Et c’est dans ce registre qu’elle est redoutable car elle sonne très bien, s’avère très polyvalente, raisonnable en termes de consommation CPU, et jouit surtout de l’excellente conception ergonomique et fonctionnelle qui fait la signature de FabFilter. Avec son interface redimensionnable et ses contrôles clairs qu’il est très facile de paramétrer, soit au pavé numérique soit à la souris en s’aidant de nombreux raccourcis, ou d’automatiser via le mode MIDI Learn, Pro-R est un régal à l’usage. Le rendu même de la réverbe qui, à mesure qu’on progresse vers des longs déclins, évoque des volutes de sable flou, concourt à cette impression d’adéquation entre l’interface et l’effet. En dehors du positionnement saugrenu du Predelay, on n’est pas loin de la perfection. Encore une fois : bravo !
Conclusion
Ce n’est pas encore avec Pro-R que FabFilter va ternir sa réputation, bien au contraire. Le plug-in sonne non seulement très bien, mais il jouit d’une polyvalence surprenante et parvient à générer une large palette de réverbes très convaincantes, de la petite ambiance discrète au tsunami de réflexions. Comme souvent avec FabFilter, ce n’est pas tant sur l’excellence sonore que l’éditeur fait la différence mais sur la conception de l’interface et de l’ergonomie, et l’intelligence des fonctions proposées. Ne serait-ce l’emplacement saugrenu et inexplicable du potard Predelay, on sent en effet beaucoup de soin dans la façon dont les paramètres ont été pensés pour favoriser au maximum le rapport simplicité/efficacité. Au-delà du très pertinent Decay Rate EQ, le comportement du potard Stereo Width est sur ce point un modèle du genre. Résultat : là où d’autres pondent des interfaces bavardes qui rendent le paramétrage laborieux, FabFilter parvient à nous proposer un outil que le plus néophyte des utilisateurs n’aura pas de mal à prendre en main.

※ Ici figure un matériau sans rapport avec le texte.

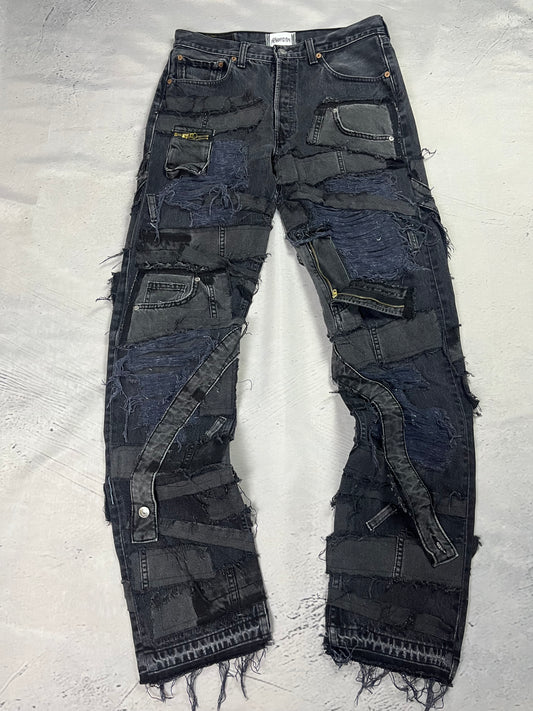 DISTRESSED CARGO PATCH DENIM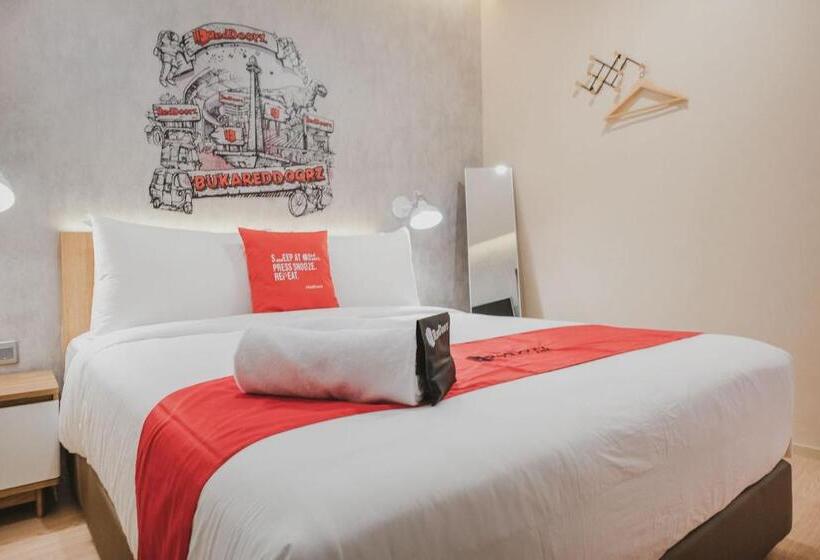 Номер Deluxe, Reddoorz Plus @ Thamrin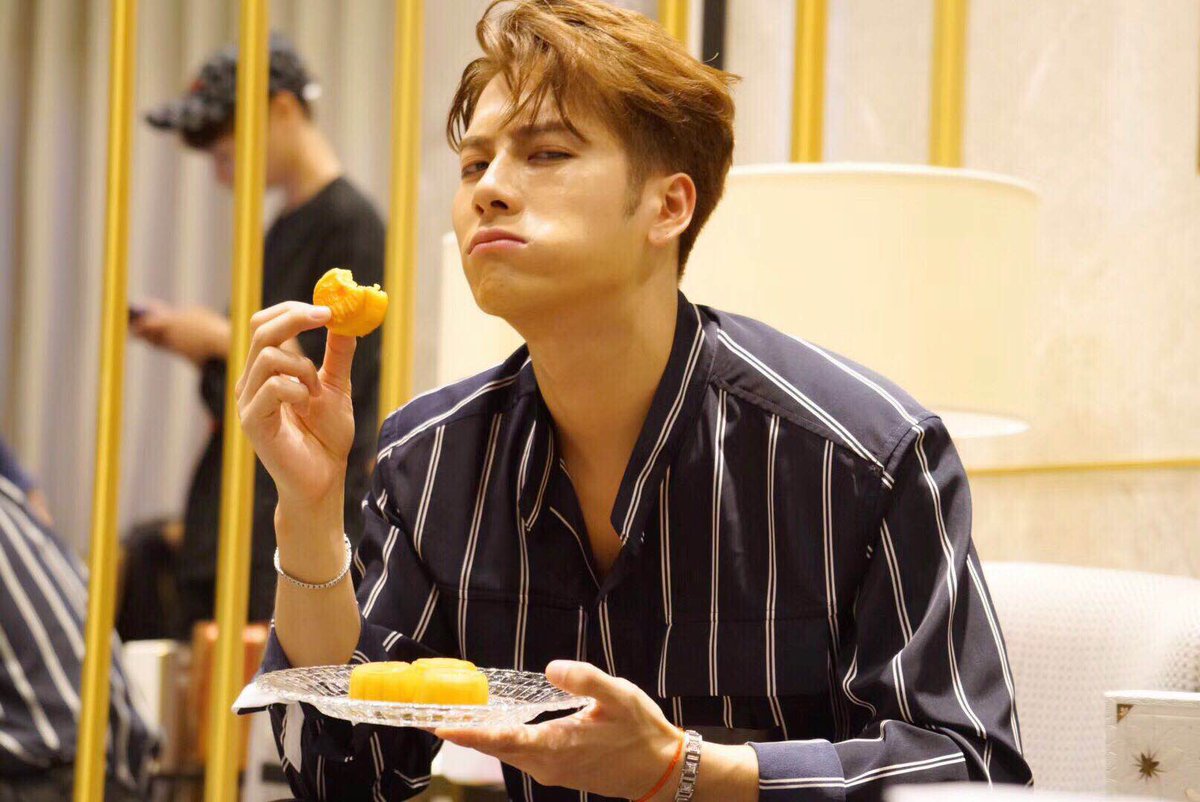 JacksonWGlobal's tweet photo. [WEIBO] 180912 智族GQ

#JacksonWang #王嘉尔 #잭슨 #GOT7
@GOT7Official https://t.co/xavutn72ok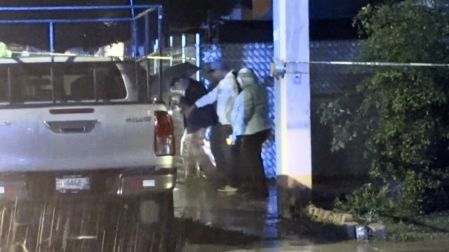 Elementos de seguridad afuera de un velatorio donde dos hombres fueron asesinados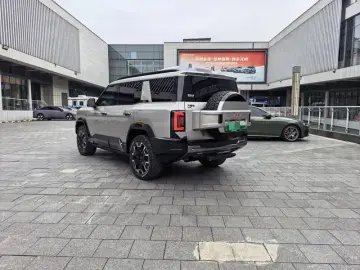 2025 BYD FangChengBao Leopard 8 с пробегом 39 000 км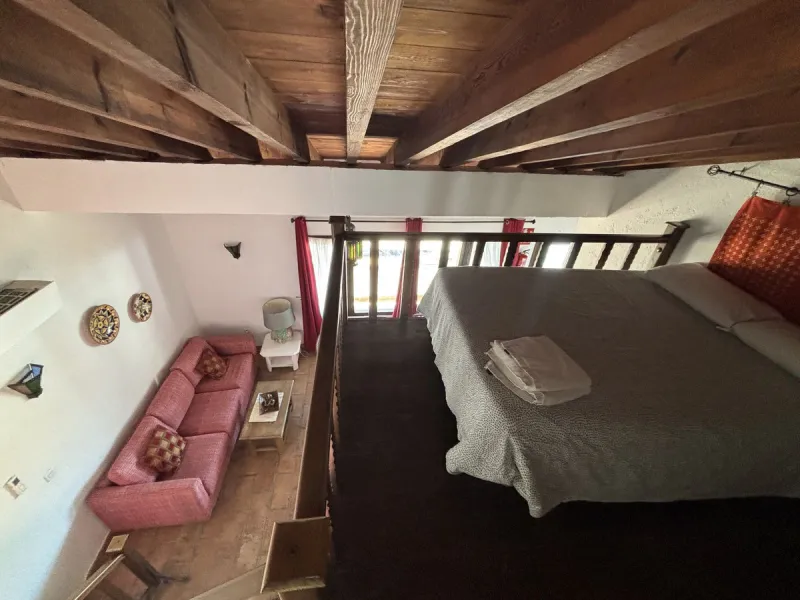 Income potential meets lifestyle in this exceptional multi-unit casa rural on the very edge of Júzcar (Málaga), enjoying breathtaking open views and a wonderfully tranquil setting at the edge of the village. Set on approximately 8,900 m² of land, the prop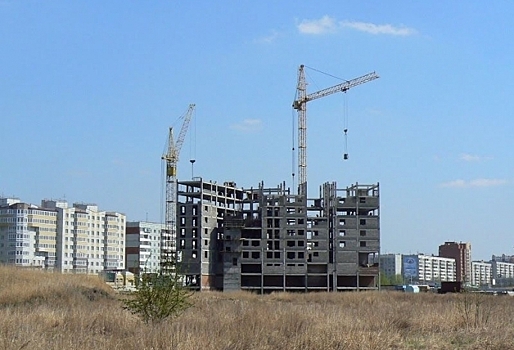 Омские строители увеличили отчисления по налогам сразу на 2,1 млрд рублей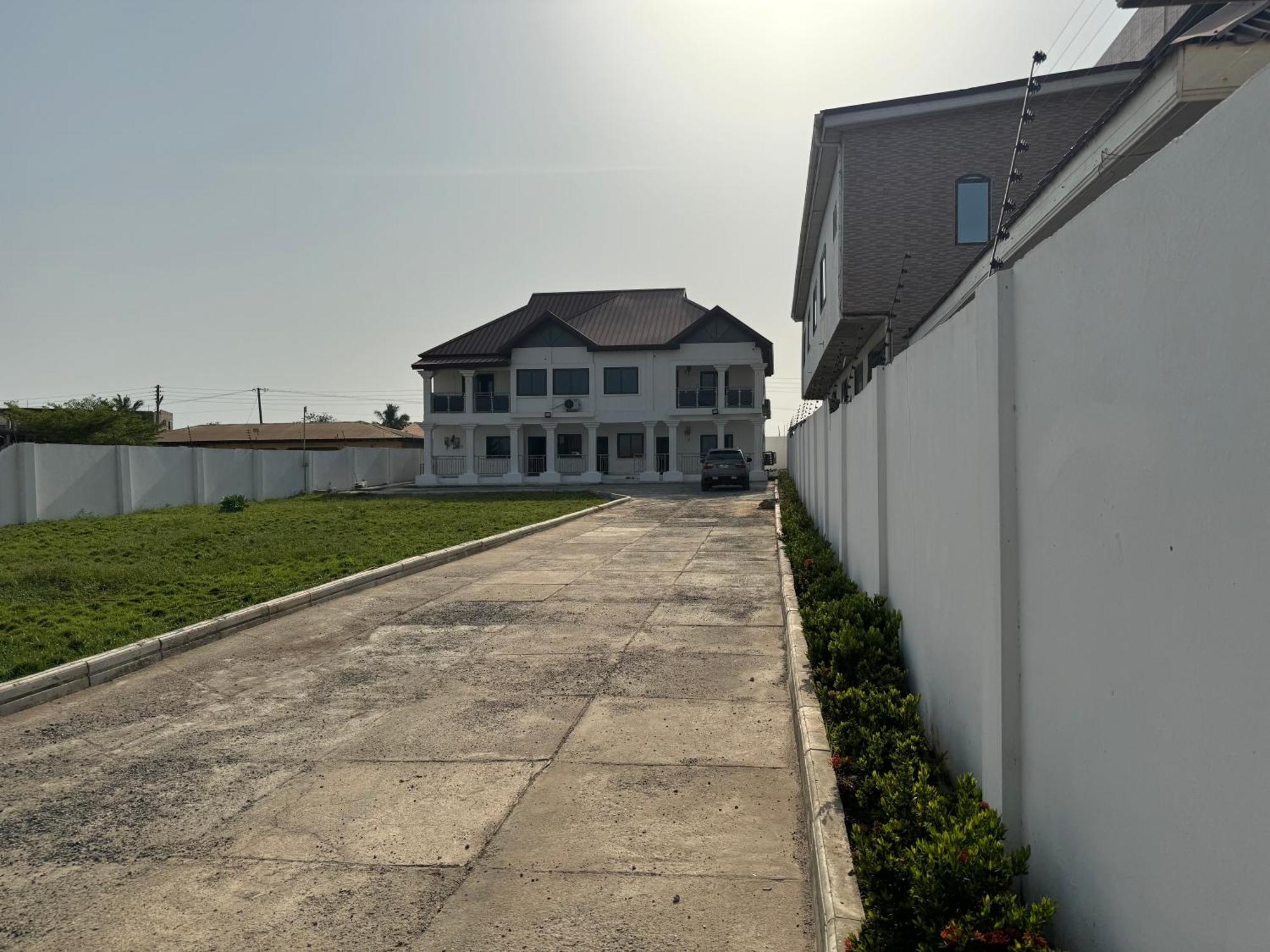 Michael'S Apartment Complex Accra Exterior photo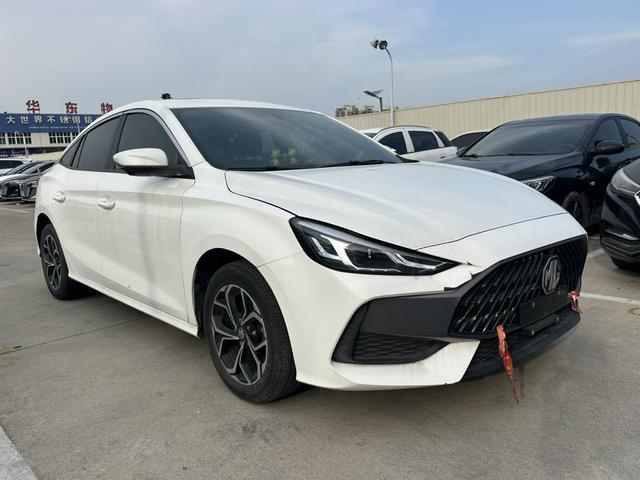 MG5 2022 180DVVT CVT Youth Luxury – фото 3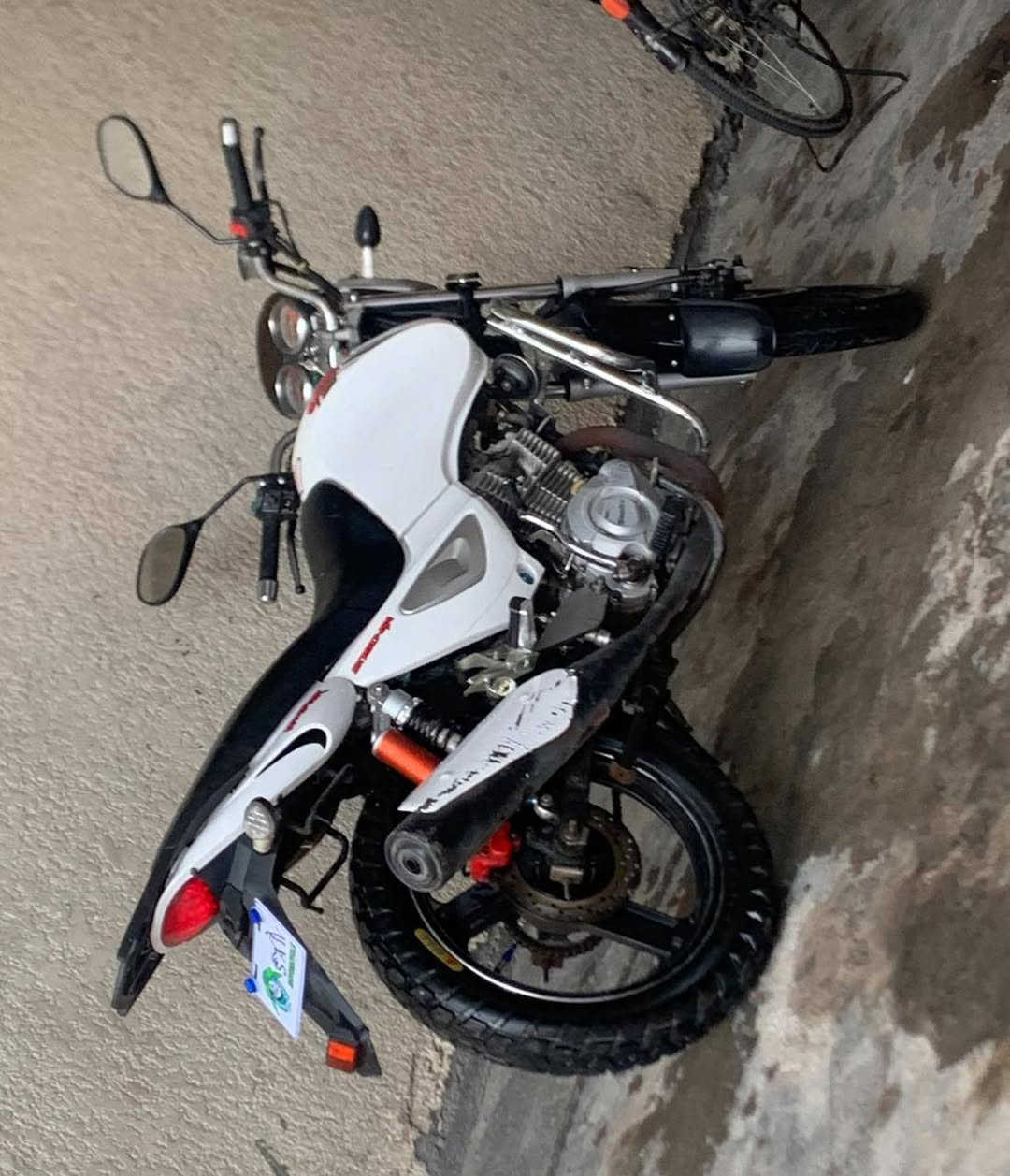 السلام عليكم ماطور سنكي للبيع موديل 2017 اوراق بي سعره 600 وبي مجال للشراي. الرقم ***********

Sans qu’il s’agisse d’un reproche, notons-le toutefois : si cette simplicité ne se fait pas au détriment de la complexité du moteur de la Pro-R, elle résulte également de choix parfaitement assumés. La réverbe de FabFilter n’est pas une émulation de tel ou tel processeur, cependant qu’elle n’est utilisable qu’en stéréo et que le contrôle des modulations se résume au potard Character. Pour toutes ces raisons, ce ne sera peut-être pas l’outil que l’on conseillera aux sound designers avides d’expérience sonores comme à ceux qui font de la post-prod. Mais dans le contexte de la production musicale, Pro-R est un excellent choix qui simplifie grandement le quotidien et peut parfaitement convenir pour mixer un album de A à Z. À ce titre, le dernier né de FabFilter pourrait bien devenir devenir la ‘go-to’ réverbe de plus d’un musicien.